• [Problem]: Starting at the first line of the entries below, output every line exactly, up to and including the line with "Anna Sheffield 14k".

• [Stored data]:
::::::
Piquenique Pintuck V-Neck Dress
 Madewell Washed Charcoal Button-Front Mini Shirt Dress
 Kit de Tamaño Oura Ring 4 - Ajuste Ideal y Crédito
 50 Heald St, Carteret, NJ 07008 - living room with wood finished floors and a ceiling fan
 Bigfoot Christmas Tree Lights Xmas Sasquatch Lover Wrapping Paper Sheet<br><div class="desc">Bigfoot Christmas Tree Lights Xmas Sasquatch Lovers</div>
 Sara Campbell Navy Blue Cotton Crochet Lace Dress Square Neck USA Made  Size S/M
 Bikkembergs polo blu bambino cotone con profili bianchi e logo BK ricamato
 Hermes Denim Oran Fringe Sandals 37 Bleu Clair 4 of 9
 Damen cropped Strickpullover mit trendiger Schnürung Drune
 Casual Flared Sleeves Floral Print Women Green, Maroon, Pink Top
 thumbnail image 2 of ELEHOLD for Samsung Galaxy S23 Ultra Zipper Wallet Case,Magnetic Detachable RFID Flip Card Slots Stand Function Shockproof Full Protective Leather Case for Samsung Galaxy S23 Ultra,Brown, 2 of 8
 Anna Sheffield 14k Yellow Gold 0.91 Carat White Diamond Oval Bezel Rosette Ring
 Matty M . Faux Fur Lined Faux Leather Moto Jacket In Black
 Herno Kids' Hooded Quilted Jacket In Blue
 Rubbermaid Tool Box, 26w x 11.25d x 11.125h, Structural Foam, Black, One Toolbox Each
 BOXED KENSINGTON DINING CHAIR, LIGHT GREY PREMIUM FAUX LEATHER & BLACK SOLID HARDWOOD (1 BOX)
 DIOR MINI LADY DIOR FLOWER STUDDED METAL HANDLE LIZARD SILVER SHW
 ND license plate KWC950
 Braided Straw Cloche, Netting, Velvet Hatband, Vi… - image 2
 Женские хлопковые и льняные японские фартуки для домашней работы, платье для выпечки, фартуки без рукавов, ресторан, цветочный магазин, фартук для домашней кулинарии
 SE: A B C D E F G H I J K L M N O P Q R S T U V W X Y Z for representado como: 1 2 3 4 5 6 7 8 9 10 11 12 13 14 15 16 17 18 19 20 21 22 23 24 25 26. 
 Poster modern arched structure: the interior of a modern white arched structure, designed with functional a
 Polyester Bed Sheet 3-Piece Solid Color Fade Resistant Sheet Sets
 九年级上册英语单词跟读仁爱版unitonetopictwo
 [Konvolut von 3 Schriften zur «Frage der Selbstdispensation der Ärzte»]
::::::
• [Written solution]:
Piquenique Pintuck V-Neck Dress
 Madewell Washed Charcoal Button-Front Mini Shirt Dress
 Kit de Tamaño Oura Ring 4 - Ajuste Ideal y Crédito
 50 Heald St, Carteret, NJ 07008 - living room with wood finished floors and a ceiling fan
 Bigfoot Christmas Tree Lights Xmas Sasquatch Lover Wrapping Paper Sheet<br><div class="desc">Bigfoot Christmas Tree Lights Xmas Sasquatch Lovers</div>
 Sara Campbell Navy Blue Cotton Crochet Lace Dress Square Neck USA Made  Size S/M
 Bikkembergs polo blu bambino cotone con profili bianchi e logo BK ricamato
 Hermes Denim Oran Fringe Sandals 37 Bleu Clair 4 of 9
 Damen cropped Strickpullover mit trendiger Schnürung Drune
 Casual Flared Sleeves Floral Print Women Green, Maroon, Pink Top
 thumbnail image 2 of ELEHOLD for Samsung Galaxy S23 Ultra Zipper Wallet Case,Magnetic Detachable RFID Flip Card Slots Stand Function Shockproof Full Protective Leather Case for Samsung Galaxy S23 Ultra,Brown, 2 of 8
 Anna Sheffield 14k Yellow Gold 0.91 Carat White Diamond Oval Bezel Rosette Ring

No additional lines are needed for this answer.